The ability to add this to "both type systems at once" is where I see significant trade offs. It feels to me like the upside is limited, mostly because there still isn't a base object type that can be shared between both systems. So the only time a tagged can actively be shared between input and output right now is if it contains only enums and scalars; if it contains an type then it's output only, and if it contains an input then it's input only. So adding the ability to use it in both systems feels like a pretty limited win.... but with the added complexity of having "transmutable" types now.

To be more concrete about my concerns about transmutability:

tagged T {
  a: Int
-  b: Int!
+  b: Int
}

Is that a breaking change? As far as I can tell, the answer is maybe. If T is used anywhere in the output schema, then it is a breaking change -- you can't change a non-nullable field to be nullable, because old clients don't handle null. If T is used only in the input schema, then it's fine; you can take an input field and make it optional without risk. This is certainly a tooling-complete problem... but it does add a substantial amount of complexity, and the capability that we're making that tradeoff to get -- the ability to share a tagged that only has scalar and enum fields between input and output -- feels limited.

dschafer avatar Aug 07 '20 15:08 dschafer

I don't normally weigh in but @leebyron invoked my name!

This is a really interesting proposal. First of all, I think it is a very elegant way to support input unions. Awesome work.

Like @dschafer I'm concerned about the input/output type system commingling, as well as the "there are now two ways to do this" issue in the output type system.

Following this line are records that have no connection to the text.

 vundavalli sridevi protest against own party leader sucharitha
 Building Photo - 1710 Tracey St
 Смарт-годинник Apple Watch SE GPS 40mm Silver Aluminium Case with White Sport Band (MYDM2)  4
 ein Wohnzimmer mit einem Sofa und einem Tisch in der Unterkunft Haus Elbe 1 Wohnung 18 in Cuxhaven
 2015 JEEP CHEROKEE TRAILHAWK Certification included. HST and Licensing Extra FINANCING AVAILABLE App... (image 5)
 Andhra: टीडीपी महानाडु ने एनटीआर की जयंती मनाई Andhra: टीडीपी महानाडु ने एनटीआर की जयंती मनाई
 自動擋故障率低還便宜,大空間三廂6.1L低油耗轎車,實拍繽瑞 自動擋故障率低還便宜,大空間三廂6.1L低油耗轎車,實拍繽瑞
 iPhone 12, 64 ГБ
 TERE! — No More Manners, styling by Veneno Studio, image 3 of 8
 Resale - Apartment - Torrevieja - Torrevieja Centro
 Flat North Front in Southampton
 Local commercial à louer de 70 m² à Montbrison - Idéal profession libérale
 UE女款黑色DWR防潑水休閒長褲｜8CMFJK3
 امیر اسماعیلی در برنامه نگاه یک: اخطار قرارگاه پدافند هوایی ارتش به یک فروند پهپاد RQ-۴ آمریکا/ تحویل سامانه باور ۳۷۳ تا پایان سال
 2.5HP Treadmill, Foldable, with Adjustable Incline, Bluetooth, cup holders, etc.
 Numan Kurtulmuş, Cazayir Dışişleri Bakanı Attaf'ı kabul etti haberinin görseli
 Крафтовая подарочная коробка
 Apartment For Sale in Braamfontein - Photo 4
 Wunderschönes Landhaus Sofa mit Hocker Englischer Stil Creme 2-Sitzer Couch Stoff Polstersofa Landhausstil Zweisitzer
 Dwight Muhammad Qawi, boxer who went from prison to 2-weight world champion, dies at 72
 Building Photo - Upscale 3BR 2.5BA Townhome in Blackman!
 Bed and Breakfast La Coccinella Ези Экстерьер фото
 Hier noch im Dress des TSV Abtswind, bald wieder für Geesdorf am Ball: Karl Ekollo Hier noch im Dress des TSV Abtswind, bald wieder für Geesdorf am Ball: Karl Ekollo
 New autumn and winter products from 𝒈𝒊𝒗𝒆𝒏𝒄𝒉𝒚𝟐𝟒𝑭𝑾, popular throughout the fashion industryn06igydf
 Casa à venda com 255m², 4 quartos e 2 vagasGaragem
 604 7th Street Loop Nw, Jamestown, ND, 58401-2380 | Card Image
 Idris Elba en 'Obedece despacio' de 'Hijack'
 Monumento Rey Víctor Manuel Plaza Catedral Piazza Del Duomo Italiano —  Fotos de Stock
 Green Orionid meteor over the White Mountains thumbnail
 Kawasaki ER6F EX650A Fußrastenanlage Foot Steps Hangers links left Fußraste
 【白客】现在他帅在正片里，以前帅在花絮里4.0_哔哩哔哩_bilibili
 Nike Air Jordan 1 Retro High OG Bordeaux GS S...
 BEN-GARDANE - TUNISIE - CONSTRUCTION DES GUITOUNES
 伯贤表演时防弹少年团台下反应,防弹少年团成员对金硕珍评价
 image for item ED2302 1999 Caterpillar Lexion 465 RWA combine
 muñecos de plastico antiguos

I think the core issue is what dan terms "transmutability". Most obviously the output system allows for parameters whereas the input system does not. More subtly, the output system has covariant types, and the input system has contravariant types. An output move on the server from Int! to Int is safe w/r/t to the client. The converse is safe in the input side on server: from Int to Int!. If covariance and contravariance were ever more deeply expressed in interfaces etc, the interaction with tagged could become pernicious and limit the future design space.

schrockn avatar Aug 07 '20 16:08 schrockn

great points @dschafer @schrockn.

@benjie I would recommend to just focus on the initial goal to provide an input union equivalent.

Even if we overcome (or just deicide on) the issues regarding more complicated validation or the fragments question raised by @leebyron I still fail to see the convincing value of having another output type.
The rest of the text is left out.